Im Staatsrecht gewinnt der Begriff der S. im Frühkonstitutionalismus (Konstitutionalismus) gegen Ende des 18. Jh. Gestalt; in Frankreich bedeutet sanction die Genehmigung von Gesetzen und steht damit im Kontext der umstrittenen Frage nach demjenigen, der die entspr.e Kompetenz des sanctionner innehat: der Monarch, die Nation oder die Stände. Von der deutschen Staatsrechtslehre wird der Begriff der S. zur Bezeichnung desjenigen Stadiums im Gesetzgebungsverfahren übernommen, in dem ein Entwurf formal durch Erteilung des Gesetzesbefehls Rechtskraft erlangt.

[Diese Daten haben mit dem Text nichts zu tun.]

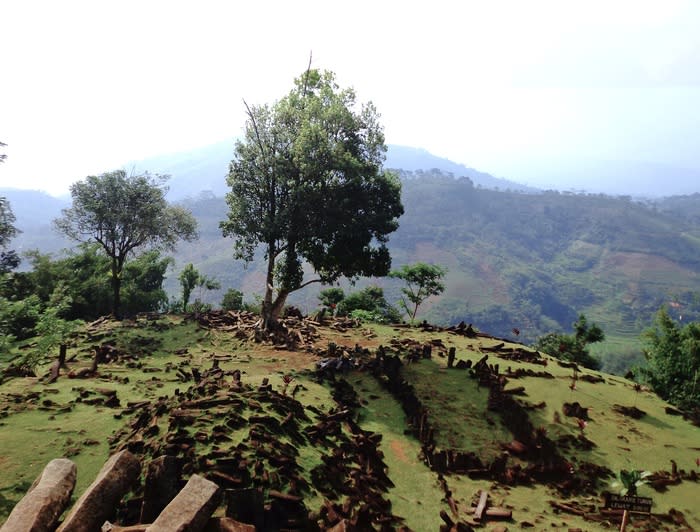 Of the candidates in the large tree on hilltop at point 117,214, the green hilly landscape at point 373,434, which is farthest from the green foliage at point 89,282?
the green hilly landscape at point 373,434

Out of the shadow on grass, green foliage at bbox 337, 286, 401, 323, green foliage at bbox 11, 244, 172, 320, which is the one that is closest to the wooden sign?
the shadow on grass

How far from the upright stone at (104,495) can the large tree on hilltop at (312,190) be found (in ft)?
54.9

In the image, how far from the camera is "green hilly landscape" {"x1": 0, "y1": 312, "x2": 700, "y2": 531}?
30.3ft

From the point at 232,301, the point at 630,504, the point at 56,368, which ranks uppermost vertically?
the point at 630,504

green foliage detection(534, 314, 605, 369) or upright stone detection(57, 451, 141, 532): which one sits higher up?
upright stone detection(57, 451, 141, 532)

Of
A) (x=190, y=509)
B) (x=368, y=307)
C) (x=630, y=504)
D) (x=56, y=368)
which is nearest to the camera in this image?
(x=190, y=509)

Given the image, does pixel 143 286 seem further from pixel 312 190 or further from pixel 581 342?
pixel 581 342

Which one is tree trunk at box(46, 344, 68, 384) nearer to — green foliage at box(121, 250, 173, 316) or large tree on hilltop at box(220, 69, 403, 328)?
large tree on hilltop at box(220, 69, 403, 328)

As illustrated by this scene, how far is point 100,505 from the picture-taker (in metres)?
7.28

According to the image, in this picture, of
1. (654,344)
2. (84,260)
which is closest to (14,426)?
(654,344)

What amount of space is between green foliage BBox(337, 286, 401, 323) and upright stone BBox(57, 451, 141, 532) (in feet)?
88.3

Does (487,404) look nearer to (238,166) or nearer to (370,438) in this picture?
(370,438)

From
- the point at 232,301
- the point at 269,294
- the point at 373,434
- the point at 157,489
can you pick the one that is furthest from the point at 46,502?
the point at 232,301

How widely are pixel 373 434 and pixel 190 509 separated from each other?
7.40 m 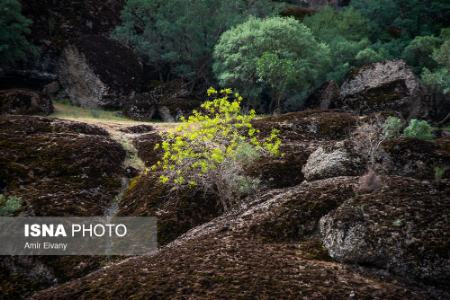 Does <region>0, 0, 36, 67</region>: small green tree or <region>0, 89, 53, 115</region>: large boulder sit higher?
<region>0, 0, 36, 67</region>: small green tree

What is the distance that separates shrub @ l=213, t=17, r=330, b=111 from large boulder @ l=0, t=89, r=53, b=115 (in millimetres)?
17166

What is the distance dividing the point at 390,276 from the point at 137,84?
1624 inches

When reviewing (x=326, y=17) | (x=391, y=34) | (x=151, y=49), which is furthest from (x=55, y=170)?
(x=391, y=34)

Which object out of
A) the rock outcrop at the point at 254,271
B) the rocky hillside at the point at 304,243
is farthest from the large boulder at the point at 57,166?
the rock outcrop at the point at 254,271

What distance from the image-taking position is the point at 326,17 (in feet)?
192

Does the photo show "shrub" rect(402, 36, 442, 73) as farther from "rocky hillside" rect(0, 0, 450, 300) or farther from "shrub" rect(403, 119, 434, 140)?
"shrub" rect(403, 119, 434, 140)

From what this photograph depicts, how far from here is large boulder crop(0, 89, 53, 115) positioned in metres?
30.3

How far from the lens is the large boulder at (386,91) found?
3841 cm

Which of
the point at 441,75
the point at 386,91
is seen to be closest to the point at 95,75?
the point at 386,91

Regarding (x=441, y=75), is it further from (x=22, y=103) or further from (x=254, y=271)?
(x=254, y=271)

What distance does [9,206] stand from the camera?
1472 centimetres

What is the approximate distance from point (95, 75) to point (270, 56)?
18943mm

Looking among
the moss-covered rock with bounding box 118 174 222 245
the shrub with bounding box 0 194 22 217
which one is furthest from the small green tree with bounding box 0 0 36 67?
the moss-covered rock with bounding box 118 174 222 245

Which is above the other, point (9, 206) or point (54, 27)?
point (54, 27) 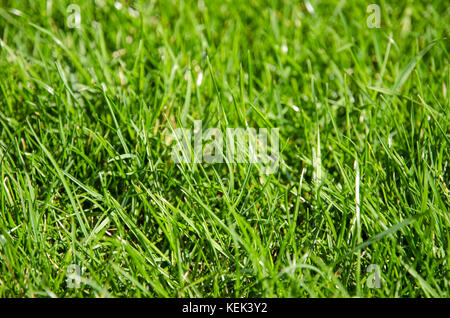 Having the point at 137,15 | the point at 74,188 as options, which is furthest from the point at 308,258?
the point at 137,15

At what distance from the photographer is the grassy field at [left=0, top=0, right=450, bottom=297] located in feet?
3.75

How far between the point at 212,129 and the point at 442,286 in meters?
0.78

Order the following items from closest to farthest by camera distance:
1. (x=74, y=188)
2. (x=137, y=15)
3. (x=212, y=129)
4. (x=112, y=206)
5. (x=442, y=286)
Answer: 1. (x=442, y=286)
2. (x=112, y=206)
3. (x=74, y=188)
4. (x=212, y=129)
5. (x=137, y=15)

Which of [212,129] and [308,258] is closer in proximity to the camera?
[308,258]

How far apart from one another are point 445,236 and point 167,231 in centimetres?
70

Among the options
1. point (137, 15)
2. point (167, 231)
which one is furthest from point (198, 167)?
point (137, 15)

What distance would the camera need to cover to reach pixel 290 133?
5.23ft

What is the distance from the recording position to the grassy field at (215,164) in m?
1.14

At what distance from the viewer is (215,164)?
1.43 metres

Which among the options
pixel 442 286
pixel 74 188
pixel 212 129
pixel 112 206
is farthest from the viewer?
pixel 212 129

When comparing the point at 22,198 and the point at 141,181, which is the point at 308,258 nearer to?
the point at 141,181

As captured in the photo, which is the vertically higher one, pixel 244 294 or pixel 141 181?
pixel 141 181

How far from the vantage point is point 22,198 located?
3.99 ft

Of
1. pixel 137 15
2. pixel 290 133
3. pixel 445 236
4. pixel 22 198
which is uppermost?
pixel 137 15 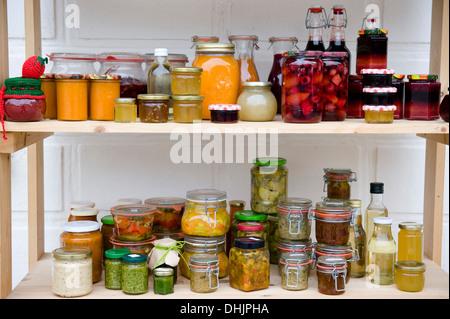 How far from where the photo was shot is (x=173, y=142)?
1.90 meters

Rechtstheoretisch ist unter einer S. ein Nachteil zu verstehen, durch den die Geltung von Recht in zweifacher Hinsicht gewährleistet werden soll: Ungültigem Recht soll die normative Wirksamkeit versagt, gültigem Recht zu faktischer Wirksamkeit verholfen werden. Mit Blick auf die normative Geltung (Gültigkeit) von Recht liegt der S. genannte Nachteil darin, dass Normen oder Ansprüche rechtlicher Wirksamkeit entbehren, wenn die jeweiligen Voraussetzungen gültigen Rechts nicht eingehalten sind, namentlich Verfahrensregeln, Formen und Fristen, Obliegenheiten oder rechtliche und sittliche Prinzipien nicht hinreichend beachtet werden. S.en in diesem Sinne sind etwa die Nichtigkeit von sittenwidrigen Verträgen oder der (partielle) Verlust eines Schadensersatzanspruchs. Hinsichtlich der faktischen Geltung von Recht bedeutet S. eine nachteilige Maßnahme als Reaktion auf eine vom Betroffenen zu verantwortende Normverletzung. Die Androhung und ggf. der Vollzug der S. im Falle einer Zuwiderhandlung dient so der präventiven Durchsetzung von Normen und damit deren allg.er Befolgung zum Zweck sozialer Handlungsorientierung. Die der Kriminologie zugehörige S.s-Forschung befasst sich empirisch mit strafrechtlichen S.en, namentlich von Freiheitsentzug und Geldstrafe, Maßregeln der Besserung und Sicherung, Erziehungsmaßregeln und Zuchtmitteln bei Jugendlichen und untersucht die Effizienz der einzelnen S.s-Mittel und ihr Verhältnis zueinander. Neben der für den Begriff der S. paradigmatischen Kriminalstrafe sieht auch das Polizei- und Ordnungsrecht präventive S.en vor, etwa im Gefahrenabwehrrecht mit der Androhung und Verhängung von Zwangsgeld. Ferner können S.en privatrechtlich zur Sicherung der Erfüllung vertraglicher Ansprüche vereinbart werden.
2. Internationales Recht
Das Recht der EU (Europarecht) kennt S.en in Form von Geldbußen bei Verstößen von Unternehmen gegen das europäische Kartell- und Fusionsrecht. Diese Geldbußen sind nicht strafrechtlicher Art (Art. 23 Abs. 5 VO [EG] 1/2003), haben aber gleichwohl einen repressiv-punitiven Charakter und sind damit auf schuldhaftes Fehlverhalten bezogen. Präventiver Zweck ihrer Androhung wie auch Verhängung ist die Stabilisierung der faktischen Geltung materieller Wettbewerbsregeln (Wettbewerbsrecht) und formeller Verfahrensvorschriften. Daneben können als S. alle von den Institutionen der EU angeordneten Zwangsmaßnahmen erachtet werden, insb. das Zwangsgeld, das von der Europäischen Kommission zur Erzwingung eines förmlich angeordneten Verhaltens festgesetzt werden kann.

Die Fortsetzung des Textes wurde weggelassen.